*Task objective:*
Only the lines in the entries below from the line with "Roberto Cavalli Baby" to the line with "Photo of Vintage", both included, belong in the answer, transcribed exactly and without pictures.

*The data:*

════

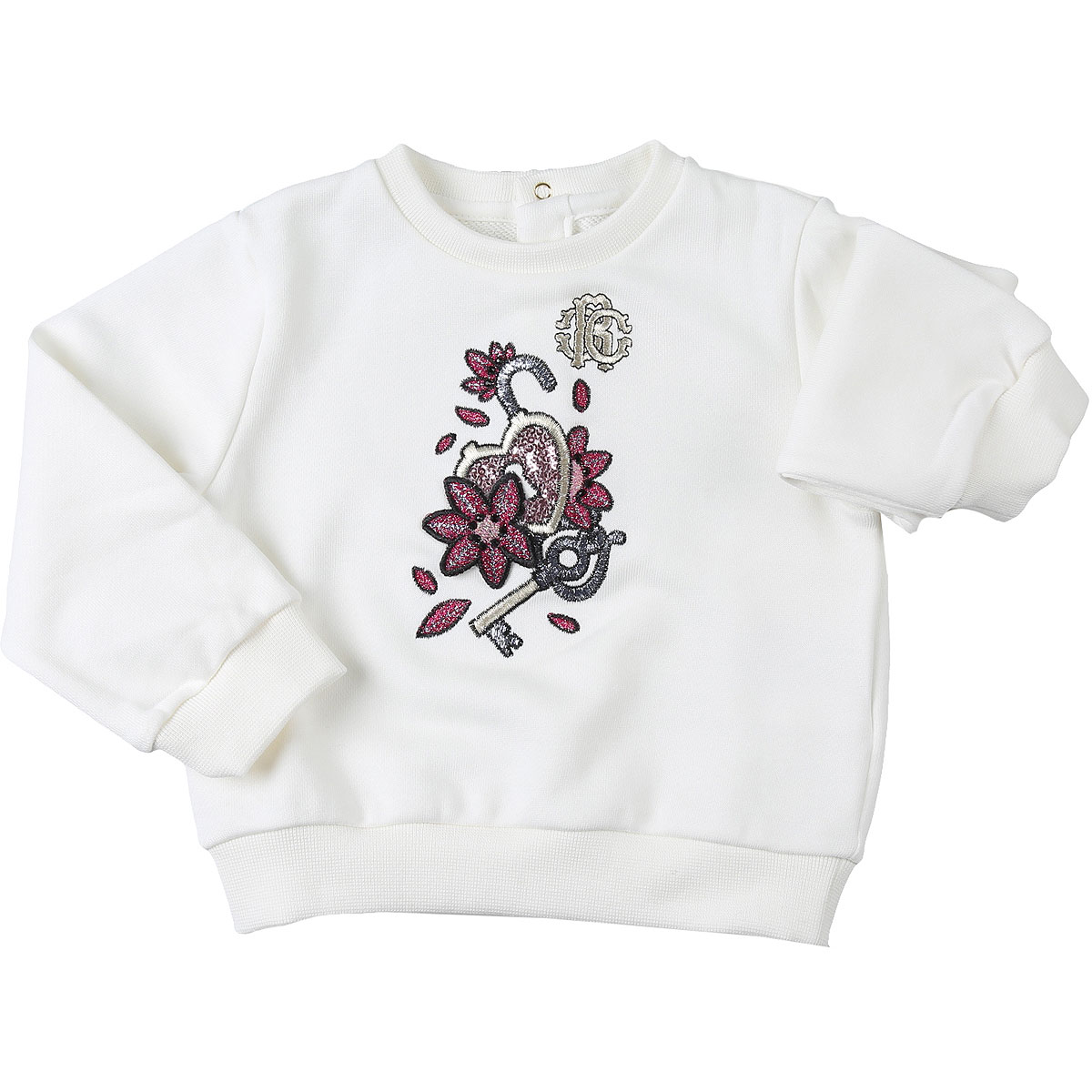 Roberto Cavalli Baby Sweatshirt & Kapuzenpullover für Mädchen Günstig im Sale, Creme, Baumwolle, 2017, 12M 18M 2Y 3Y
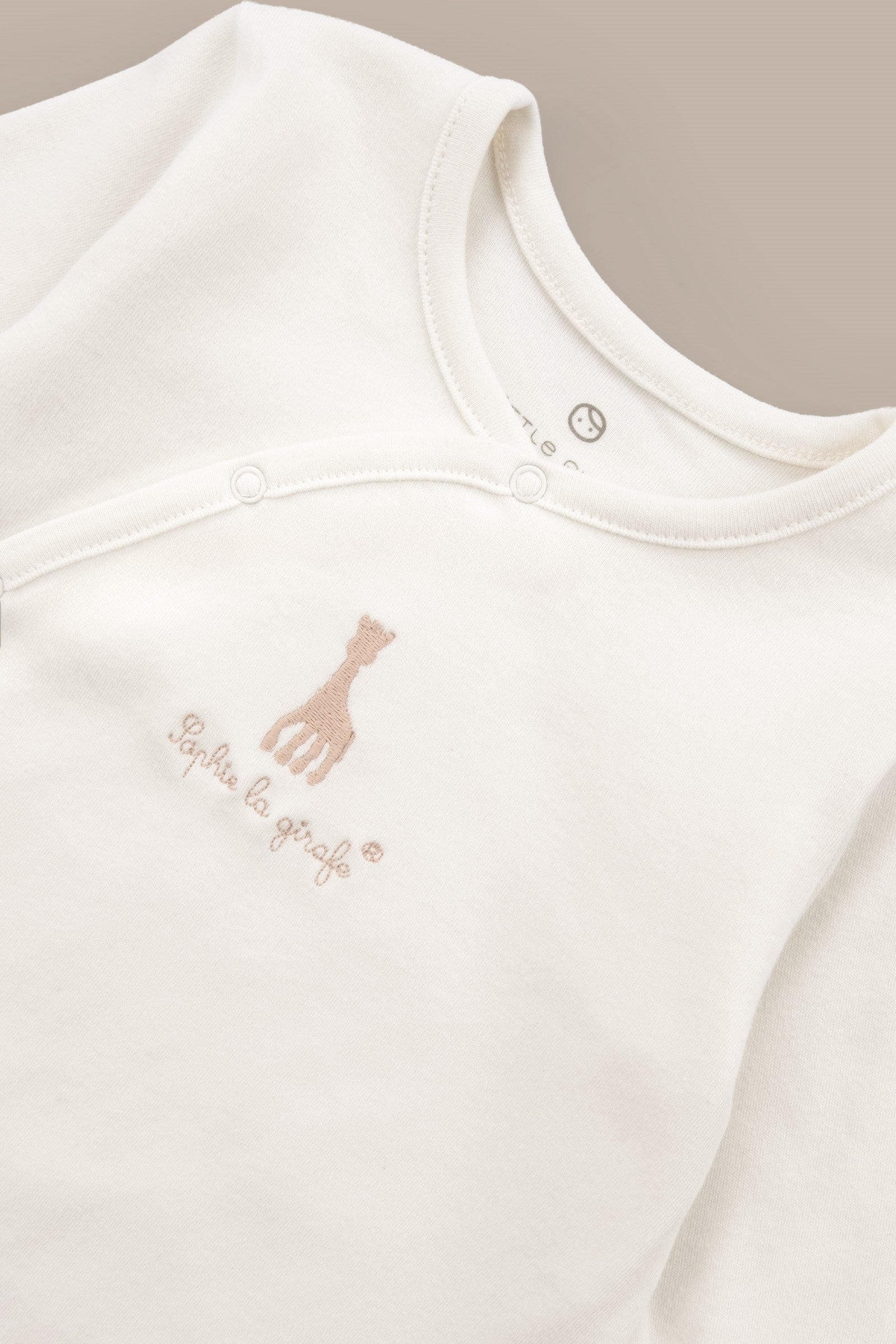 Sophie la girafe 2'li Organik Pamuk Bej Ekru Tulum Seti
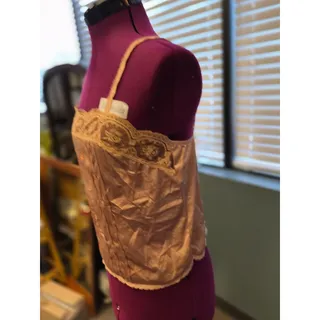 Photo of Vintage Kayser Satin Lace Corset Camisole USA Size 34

════

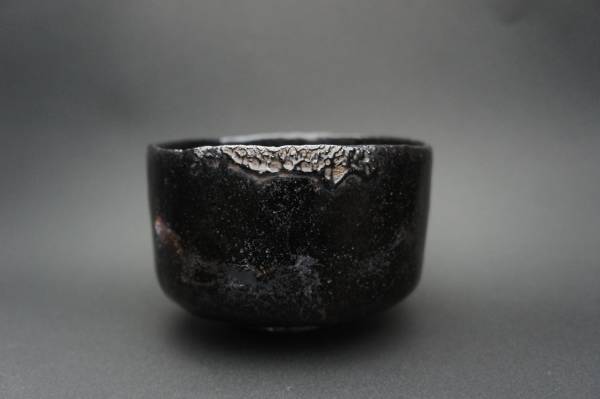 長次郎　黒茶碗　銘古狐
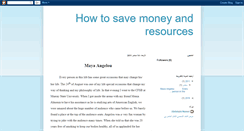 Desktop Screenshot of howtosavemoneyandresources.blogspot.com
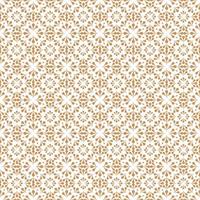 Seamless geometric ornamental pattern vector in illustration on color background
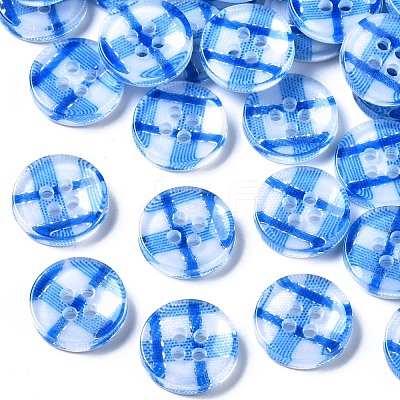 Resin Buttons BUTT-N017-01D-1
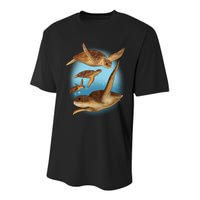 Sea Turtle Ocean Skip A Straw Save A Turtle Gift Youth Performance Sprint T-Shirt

════

*Final answer:*
 Roberto Cavalli Baby Sweatshirt & Kapuzenpullover für Mädchen Günstig im Sale, Creme, Baumwolle, 2017, 12M 18M 2Y 3Y
 Sophie la girafe 2'li Organik Pamuk Bej Ekru Tulum Seti
 Photo of Vintage Kayser Satin Lace Corset Camisole USA Size 34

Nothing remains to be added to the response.